= Pi Guangye =

Chinese statesman (877–943)

Pi Guangye (皮光業; 877 – March 16, 943), courtesy name Wentong (文通), was an official of the Chinese Five Dynasties and Ten Kingdoms Period state Wuyue, serving as a chancellor during the reign of its second king Qian Yuanguan.

== Background ==
Pi Guangye was born in 877, during the reign of Emperor Xizong of Tang. His family was said to have been at Jingling, Xiangyang for generations. His father Pi Rixiu was a prominent late-Tang poet. At one point, Pi Rixiu served as the assistant to the prefect of Su Prefecture (蘇州, in modern Suzhou, Jiangsu) in military matters, and he settled his family there. Pi Guangye was born at Su Prefecture. It was said that when he was nine, he was already capable of writing.

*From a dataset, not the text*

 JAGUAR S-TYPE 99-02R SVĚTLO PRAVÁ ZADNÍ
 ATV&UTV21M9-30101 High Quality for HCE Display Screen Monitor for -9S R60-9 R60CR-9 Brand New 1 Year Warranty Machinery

== Service under Qian Liu ==
After Pi Guangye was grown, he went to see Qian Liu, who then ruled the modern Zhejiang region. Qian made Pi a member of his staff, along with Shen Song and Lin Ding. Pi was eventually given the title of assistant to Qian in Qian's role as military governor (Jiedushi) of Zhenhai Circuit (鎮海, headquartered in modern Hangzhou, Zhejiang).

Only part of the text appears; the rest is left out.